Ende dieser Woche entscheiden Bundestag und Bundesrat, ob der Kosovo, Albanien und Montenegro als „sicher“ gelten sollen.
Die Liste „sicherer Herkunftsstaaten“ entstand mit dem Asylkompromiss 1993.
Damit wird pauschal definiert, dass in diesen Staaten „weder politische Verfolgung noch unmenschliche Bestrafung“ stattfindet.
Seit November 2014 gelten Mazedonien, Serbien und Bosnien-Herzegowina als „sicher“, seit 1993 Senegal und Ghana.
Asylanträge aus diesen Ländern werden pauschal als „offensichtlich unbegründet“ abgelehnt.
Damit gilt eine Ausreisepflicht binnen einer Woche. Auch die Frist für eine Klage verkürzt sich auf eine Woche und hat keine aufschiebende Wirkung.
2011 dann wurde die Frau von PolizistInnen so schwer verprügelt, dass sie ihr ungeborenes Kind verlor. Die Polizei habe sie aufgefordert, bei der Parlamentswahl Stimmen aus der Roma-Community für die Partei von Regierungschef Nikola Gruevski zu „sammeln“, wessen sie sich verweigerte.

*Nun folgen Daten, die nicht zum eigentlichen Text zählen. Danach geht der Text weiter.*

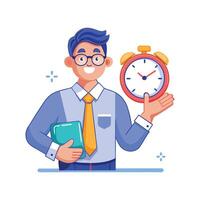 Instructor Holding Clock During Time Lesson vector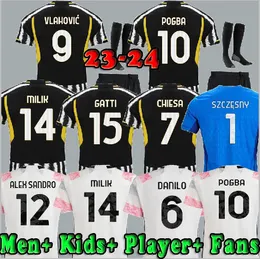 23 24 VLAHOVIC CHIESA MILIK camisas de futebol KEAN LOCATELLI 2023 2024 POGBA homens crianças conjunto BONUCCI camisas de futebol kit DI MARIA uniforme Kostic Rabiot Bremer McKennie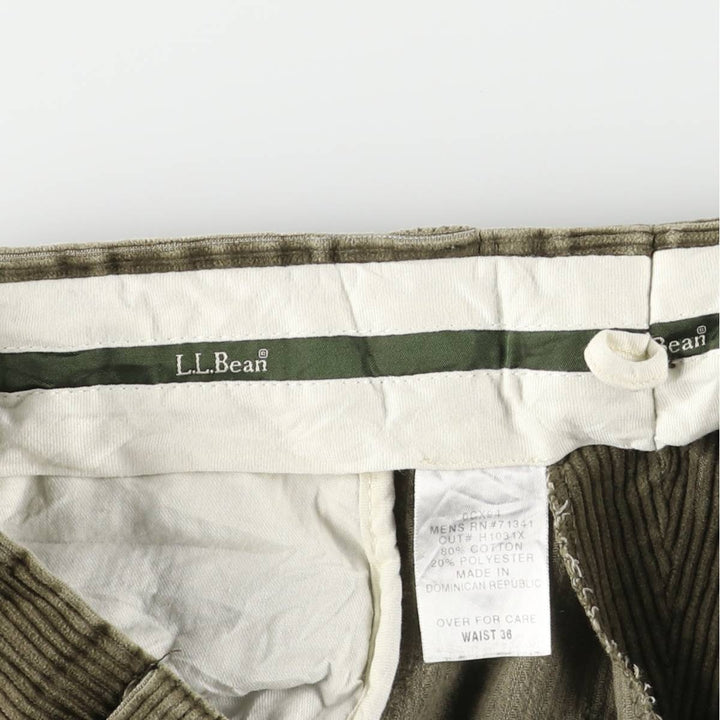 LLBean 2000'S Wide-Ribbed Two-Pleated Corduroy Pants, Men's, Size W37 cotton Khaki type sage green Vintage Second Hand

Es ist die Schilderung eines vermutlichen Wahlbetrugs, der seit Monaten für eine politische Krise im Land sorgt.
Das Verwaltungsgericht Oldenburg hielt die Beschreibungen der Frau für „schlüssig und glaubhaft“. Der Sprecher des Gericht erklärte, die Regelung zu „sicheren Herkunftsstaaten“ lasse offen, ob „abweichend von der allgemeinen politischen Lage“ Verfolgung drohe. „Das Vorbringen der Klägerin ist ein Vorbringen im Einzelfall.“
Kein Einzelfall, sagt der Anwalt
Der Anwalt der Frau, Henning Bahr, sieht das anders: „Wenn die Gerichte bei angeblich sicheren Herkunftsstaaten wie Mazedonien Schutz zuerkennen, ist die Einschätzung des Gesetzgebers, dass es dort ungefährlich ist, sehr zweifelhaft“, erklärte er. „Auch in diesen Staaten gibt es immer wieder asylrelevante Verfolgung.“
Das sagt auch Marc Millies vom Bremer Flüchtlingsrat, der im Frühjahr 2015 selbst in Mazedonien recherchierte: „Das Urteil beweist, was ich mit einer Recherchegruppe selbst dokumentiert habe: dass es Übergriffe gegen Roma gibt und Schutz notwendig ist.“ Millies verweist auf die Schwierigkeiten vieler Roma, Übergriffe und Diskriminierungen belegen zu können. „Oft drängt die Polizei Roma dazu, Anzeigen zurückzunehmen – wenn sie überhaupt kommt oder nicht sogar selbst das Problem ist.“
Gleichzeitig zeige die Entscheidung, dass das Recht auf Asyl individuell geprüft werden müsse. Oberflächliche Prüfungen für bestimmte Herkunftsländer dürfe es nicht geben.